(What you should do) After finding the line containing "Bisiklet siyah ve" below, please output that line and each following one through the line containing "Birch Tree with", exactly as written.

(Records supplied)
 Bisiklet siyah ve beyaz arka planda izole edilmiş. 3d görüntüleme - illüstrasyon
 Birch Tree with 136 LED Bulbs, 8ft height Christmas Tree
==
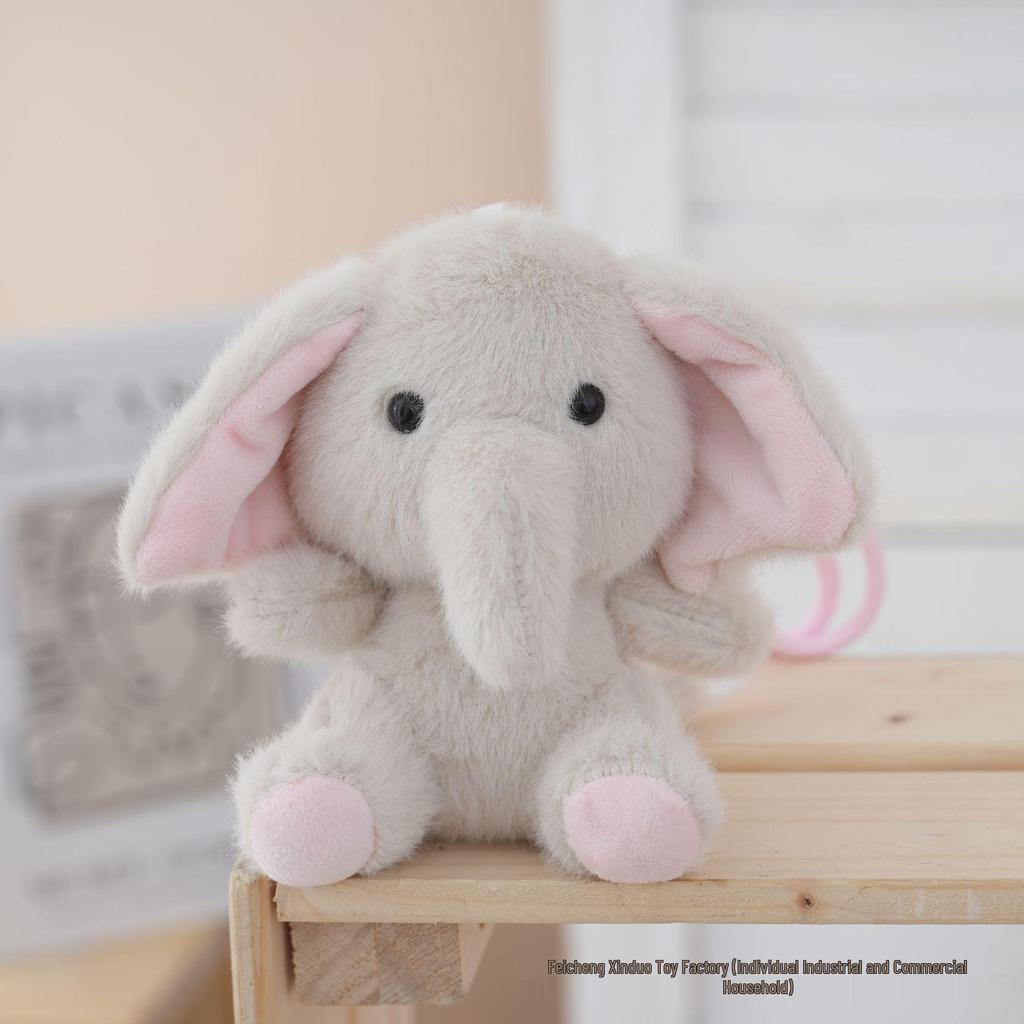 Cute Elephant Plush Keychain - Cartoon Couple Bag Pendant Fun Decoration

(Output below)
 Bisiklet siyah ve beyaz arka planda izole edilmiş. 3d görüntüleme - illüstrasyon
 Birch Tree with 136 LED Bulbs, 8ft height Christmas Tree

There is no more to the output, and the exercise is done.